Manuscript versions include that of Henry Atkinson (Morpeth, Northumberland, 1694), which may predate Playford's printed version. See also the melody "Our Cat has Kitted" from the Joseph Kershaw manuscript for a 19th century version from North West England. "Cheshire Rounds" was included in the music manuscript copybooks of William Wooball (c. 1720), London musician Thomas Hammersley (1790) and American musician Ebenezer Parkman (Cambridge, Mass., 1721).

There are many variations of this popular and widespread melody. Pete Stewart, in his article "The Triple Time Hornpipe from 1550 to 1800" says: "Indeed, some actors became renowned for particular dances; George Daniel in his Merrie England in the olden time mentions in particular the actor Thomas Doggett (c. 1640-1721) who was probably responsible for the popularity of the Cheshire Rounds (see p. 68)." The Cheshire Rounds was a once-popular dance, and a precursor to the English hornpipe. Graham Christian (2015, p. 16) remarks: "The tune is almost the locus classicus of the 'Lancashire' or 'English' hornpipe in its early form, with its four-bar phrases and syncopations, and was likely already in use for solo dances. By the early 1700's, "Cheshire Rounds" had become a byword for hearty and even 'rough' dance, rather as "Trenchmore" had been in the previous generation." In Memorials of Old Cheshire (1910) it was recorded:

Doggat.jpg

"Cheshire Rounds" was a celebrated tune and dance sometimes danced by a couple (whose gyrations resembled the movements of the sun and moon) and sometimes by a single person. The only known portrait of Doggett (who founded the celebrated waterman's badge) shows him dancing the "Cheshire Round."

Chappell (1859) found several references to its performance:

In Bartholomew Fiar, at the Coach-house on the pav'd stones at Hosier-Lane end, you will see a Black that dances the Cheshire Rounds to the admiration of all spectators." (Play-bill by Dogget, 1691. In fact, the only known portrait of Dogget shows him dancing the Cheshire Round.)

John Sleepe now keeps the Whelp and Bacon in Smithfield Rounds, where are to be seen a young lad that dances a Cheshire Round to the admiration of all people." (Playbill)

It is one of the tunes called for by "the hobnailed fellows" in A Second Tale of a Tub (8vo, 1715).
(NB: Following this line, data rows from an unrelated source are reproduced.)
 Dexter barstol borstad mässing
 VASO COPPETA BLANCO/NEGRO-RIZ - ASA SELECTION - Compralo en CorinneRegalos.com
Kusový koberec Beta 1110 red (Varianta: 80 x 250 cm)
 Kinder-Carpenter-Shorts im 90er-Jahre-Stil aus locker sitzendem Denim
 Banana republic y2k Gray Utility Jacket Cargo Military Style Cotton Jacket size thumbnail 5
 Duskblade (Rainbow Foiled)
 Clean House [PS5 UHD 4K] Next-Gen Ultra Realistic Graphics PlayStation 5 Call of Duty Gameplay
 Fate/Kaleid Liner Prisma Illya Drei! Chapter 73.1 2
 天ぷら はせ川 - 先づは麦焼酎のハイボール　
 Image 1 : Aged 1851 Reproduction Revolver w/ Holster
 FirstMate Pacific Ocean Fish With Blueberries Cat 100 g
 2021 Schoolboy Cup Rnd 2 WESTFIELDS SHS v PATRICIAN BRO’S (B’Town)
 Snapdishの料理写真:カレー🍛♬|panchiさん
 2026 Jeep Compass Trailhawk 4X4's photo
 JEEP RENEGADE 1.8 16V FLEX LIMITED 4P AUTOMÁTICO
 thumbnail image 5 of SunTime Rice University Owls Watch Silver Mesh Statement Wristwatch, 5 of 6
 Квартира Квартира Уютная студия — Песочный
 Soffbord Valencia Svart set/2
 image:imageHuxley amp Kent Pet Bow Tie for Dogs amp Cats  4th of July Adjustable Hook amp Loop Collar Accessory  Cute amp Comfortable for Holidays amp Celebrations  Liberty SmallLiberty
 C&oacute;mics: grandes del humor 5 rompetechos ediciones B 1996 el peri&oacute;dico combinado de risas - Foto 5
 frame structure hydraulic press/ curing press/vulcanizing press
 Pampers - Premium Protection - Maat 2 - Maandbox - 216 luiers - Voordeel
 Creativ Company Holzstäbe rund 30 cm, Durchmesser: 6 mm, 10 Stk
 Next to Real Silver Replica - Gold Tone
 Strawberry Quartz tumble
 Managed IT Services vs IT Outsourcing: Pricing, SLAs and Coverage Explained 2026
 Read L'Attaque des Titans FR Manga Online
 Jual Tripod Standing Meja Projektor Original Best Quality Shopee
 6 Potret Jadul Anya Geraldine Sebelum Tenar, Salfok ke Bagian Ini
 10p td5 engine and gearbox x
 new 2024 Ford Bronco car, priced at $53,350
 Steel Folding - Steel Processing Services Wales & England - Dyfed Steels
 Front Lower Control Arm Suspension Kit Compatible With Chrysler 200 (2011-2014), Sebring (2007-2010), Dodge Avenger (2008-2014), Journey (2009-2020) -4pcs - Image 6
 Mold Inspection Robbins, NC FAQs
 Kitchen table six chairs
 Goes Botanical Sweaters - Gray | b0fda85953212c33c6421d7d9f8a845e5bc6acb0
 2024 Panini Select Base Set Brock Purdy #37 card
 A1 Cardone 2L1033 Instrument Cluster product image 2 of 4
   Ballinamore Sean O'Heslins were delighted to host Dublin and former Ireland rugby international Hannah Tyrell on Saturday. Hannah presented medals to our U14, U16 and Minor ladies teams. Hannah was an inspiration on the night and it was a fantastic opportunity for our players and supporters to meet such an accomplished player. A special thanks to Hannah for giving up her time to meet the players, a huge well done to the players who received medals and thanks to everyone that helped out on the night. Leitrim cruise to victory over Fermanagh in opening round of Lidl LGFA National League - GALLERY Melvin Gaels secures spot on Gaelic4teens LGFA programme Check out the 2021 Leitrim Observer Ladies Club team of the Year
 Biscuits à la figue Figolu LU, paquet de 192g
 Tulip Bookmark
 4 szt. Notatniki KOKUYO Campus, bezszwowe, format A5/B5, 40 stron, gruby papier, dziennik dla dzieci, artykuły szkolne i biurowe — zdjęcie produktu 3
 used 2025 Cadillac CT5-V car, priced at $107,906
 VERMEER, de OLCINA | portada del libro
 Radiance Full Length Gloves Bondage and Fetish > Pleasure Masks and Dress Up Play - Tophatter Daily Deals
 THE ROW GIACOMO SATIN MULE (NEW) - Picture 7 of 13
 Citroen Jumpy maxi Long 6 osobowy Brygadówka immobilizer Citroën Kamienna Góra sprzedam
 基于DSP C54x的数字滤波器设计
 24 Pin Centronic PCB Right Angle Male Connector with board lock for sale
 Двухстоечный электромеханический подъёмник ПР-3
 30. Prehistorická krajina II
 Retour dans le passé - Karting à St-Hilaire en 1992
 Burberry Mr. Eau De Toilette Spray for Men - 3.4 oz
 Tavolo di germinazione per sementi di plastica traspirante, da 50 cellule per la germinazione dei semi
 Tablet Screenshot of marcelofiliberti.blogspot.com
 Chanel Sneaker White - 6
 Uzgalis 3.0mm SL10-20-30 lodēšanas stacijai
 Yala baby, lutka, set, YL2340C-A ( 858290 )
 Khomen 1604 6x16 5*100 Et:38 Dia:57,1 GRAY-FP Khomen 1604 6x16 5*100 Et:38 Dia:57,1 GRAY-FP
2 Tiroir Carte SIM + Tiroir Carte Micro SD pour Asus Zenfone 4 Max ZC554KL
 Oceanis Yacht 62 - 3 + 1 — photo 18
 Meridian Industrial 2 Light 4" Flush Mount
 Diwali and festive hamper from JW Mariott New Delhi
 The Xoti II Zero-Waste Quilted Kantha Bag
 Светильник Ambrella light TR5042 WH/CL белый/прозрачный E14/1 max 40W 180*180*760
Printed sources: Callaghan (Hardcore English), 2007; p. 76. Chappell (Popular Music of the Olden Time, vol. 2), 1859; p. 167. Christian (The Playford Assembly), 2015; p. 17. Doyle (Plain Brown Tune Book), 1997; p. 5 (Chappell's setting, preceded by two other parts). Raven (English Country Dance Tunes), 1984; p. 15. Thompson (Compleat Collection of 200 Favourite Country Dances, vol. 2), 1765; No. 188. Walsh (Complete Country Dancing-Master, Volume the Fourth), London, 1740; No. 114.

Recorded sources: BGOCD 354, Albion Country Band - "Battle of the Field (1997 reissue of 1976 Island recording). Island Records HELP25, Albion Country Band - "Battle of the Field" (1976).